Stock Market

Hong Kong jails 3 stock market manipulators for up to 80 months in landmark case


Three stock market traders were sentenced to up to six years and eight months in jail for manipulating shares of Ching Lee Holding, the Hong Kong High Court ruled on Monday, marking the city’s toughest crackdown yet on false trading of shares.

Sit Yi Ki, Lam Wing Ki, and Tam Cheuk Hang, were sentenced to between four years four months and six years eight months in jail, the heaviest sentence for such a criminal offence.
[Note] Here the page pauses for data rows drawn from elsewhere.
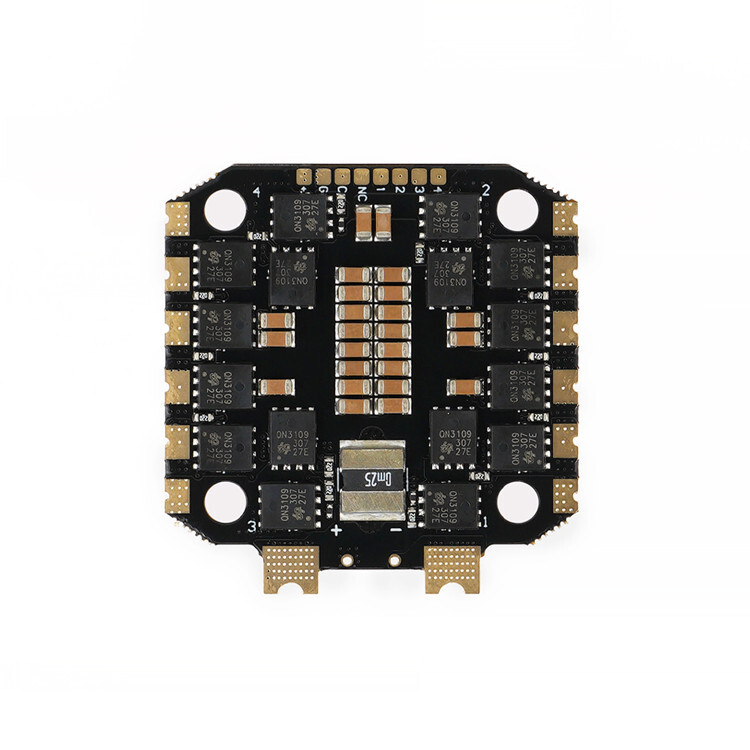 F405 chuyến bay V3, NAVI MII mở mã nguồn thông qua chuyến bay, hỗ trợ đôi FPV đặc lên cố định nhỏ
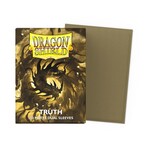 Dragon Shield Standard Size Matte Dual Sleeves - Truth (100ct)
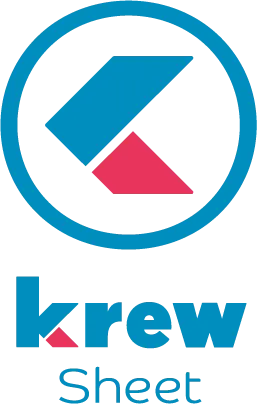 krewSheet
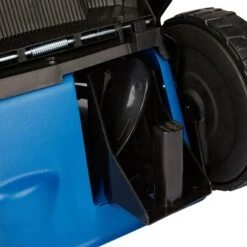 Hyundai Benzin-Rasenmäher LM4602G 139 Cm³, Schnittbreite: 46 Cm -Heimwerkzeuge erkäufe 2024 12 2795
They were found guilty in a landmark prosecution brought by the Securities and Futures Commission (SFC) in May.

The manipulation scheme is “a sophisticated and intricate conspiracy”, which has caused losses to genuine market participants and damage to Hong Kong’s reputation as a global financial centre, Douglas Yau Tak Hong, deputy judge of the Court of First Instance of the High Court, said during the sentencing hearing.

“A fair and efficient stock market is the prerequisite for maintaining our competitiveness in the region.” The maintenance of market order is of “paramount importance” for the people of Hong Kong, Yau said, while adding that the public should not be impacted by the trickle-down effects into the financial system, following such failures.

The sentenced trio manipulated trading in shares of Ching Lee Holdings, an investment holding company, primarily involved in construction, consultancy and project-management services listed on Hong Kong’s secondary GEM board.

The trading manipulation scheme was planned and commenced before Ching Lee’s initial public offering (IPO) on March 29, 2016, lasting for over five months. The conspirators artificially boosted turnover of the shares by conducting manipulative transactions among 156 securities accounts under their control, the judge said.

The manipulative activities inflated Ching Lee’s share price by as much as 2,000 per cent from the IPO price to HK$5.71 in August 2016, before a collapse of 90 per cent on September 7, 2016. The scheme netted illicit profits of more than HK$124 million (US$15.9 million).

Nelson Ho Ming Hin and Simon Suen Man, the other two individuals alleged to have been involved in the market manipulation case, are still at large and currently wanted by authorities.